__Information supplied__
- - - -

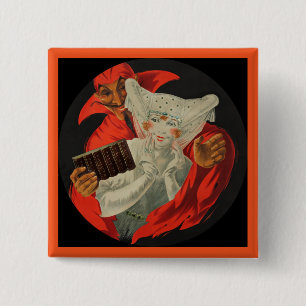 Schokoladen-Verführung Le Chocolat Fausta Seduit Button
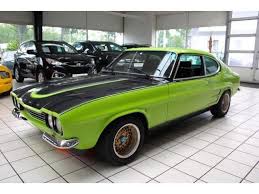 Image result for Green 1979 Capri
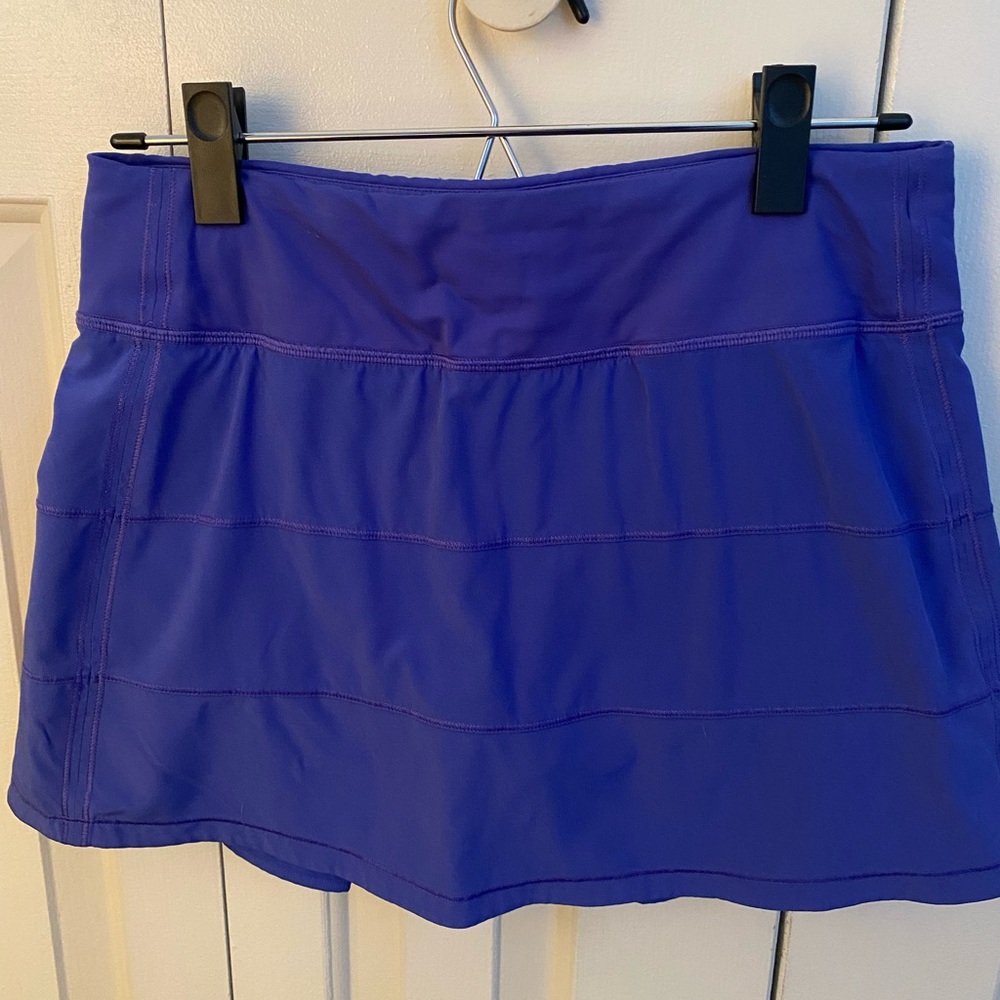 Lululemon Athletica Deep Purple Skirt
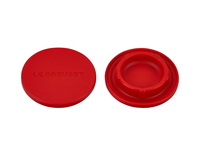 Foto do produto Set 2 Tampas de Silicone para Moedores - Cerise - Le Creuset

- - - -

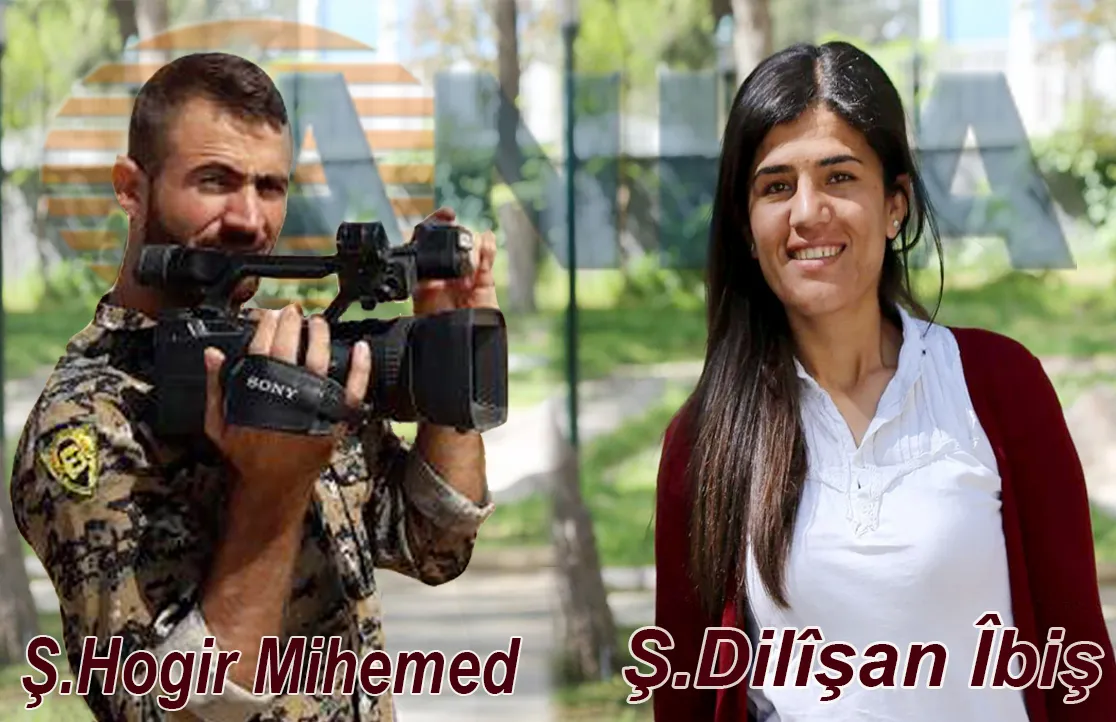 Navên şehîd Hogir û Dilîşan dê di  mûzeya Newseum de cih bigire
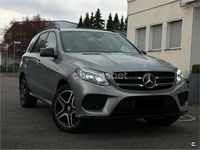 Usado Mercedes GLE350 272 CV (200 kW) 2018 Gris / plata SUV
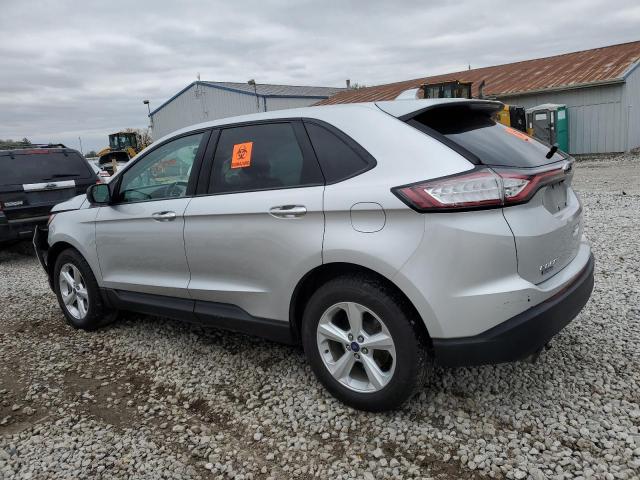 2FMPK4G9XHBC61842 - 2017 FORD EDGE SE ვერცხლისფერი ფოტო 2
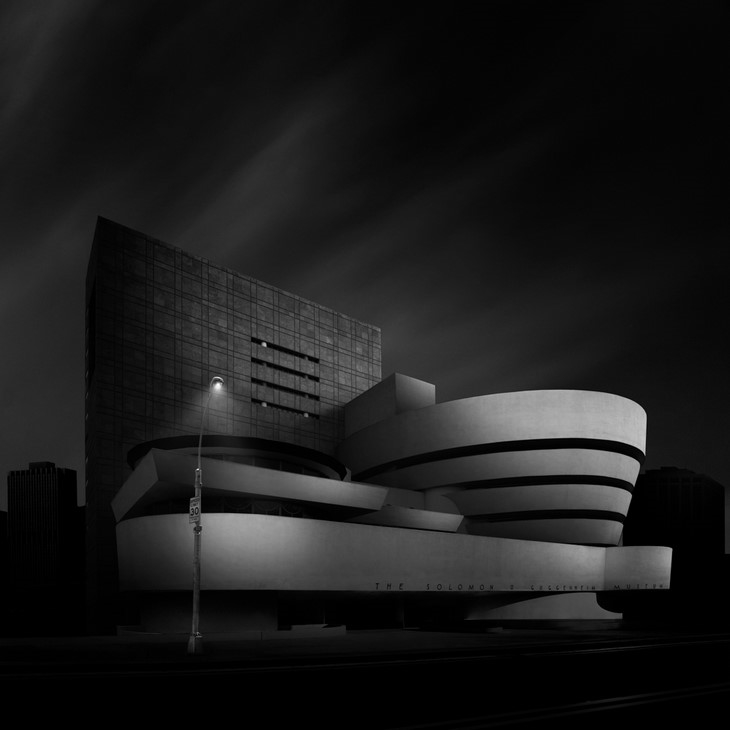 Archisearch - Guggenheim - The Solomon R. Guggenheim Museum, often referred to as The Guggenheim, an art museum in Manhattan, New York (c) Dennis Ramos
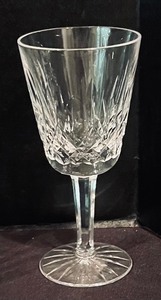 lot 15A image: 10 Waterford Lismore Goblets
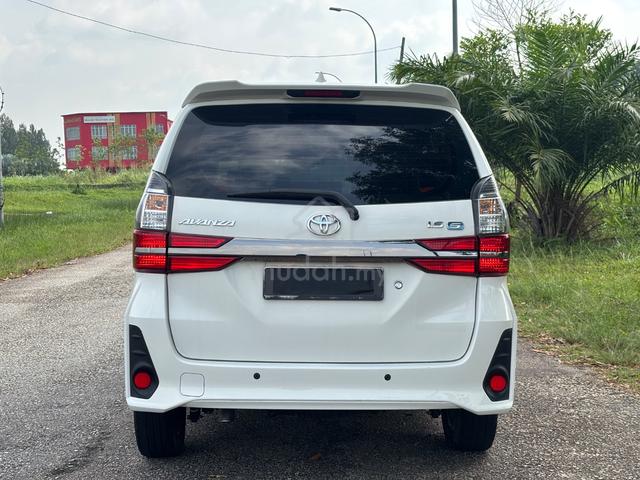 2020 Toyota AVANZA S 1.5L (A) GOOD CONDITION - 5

- - - -

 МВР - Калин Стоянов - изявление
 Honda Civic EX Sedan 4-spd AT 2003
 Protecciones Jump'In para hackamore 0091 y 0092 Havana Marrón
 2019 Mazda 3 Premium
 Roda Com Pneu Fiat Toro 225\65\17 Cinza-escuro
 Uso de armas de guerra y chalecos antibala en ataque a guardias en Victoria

- - - -

__Task instructions__
Repeat exactly the lines above, beginning at the one containing "Schokoladen-Verführung Le Chocolat" and ending at the one containing "Foto do produto". Do not carry over any pictures.

__Task result__
 Schokoladen-Verführung Le Chocolat Fausta Seduit Button
 Image result for Green 1979 Capri
 Lululemon Athletica Deep Purple Skirt
 Foto do produto Set 2 Tampas de Silicone para Moedores - Cerise - Le Creuset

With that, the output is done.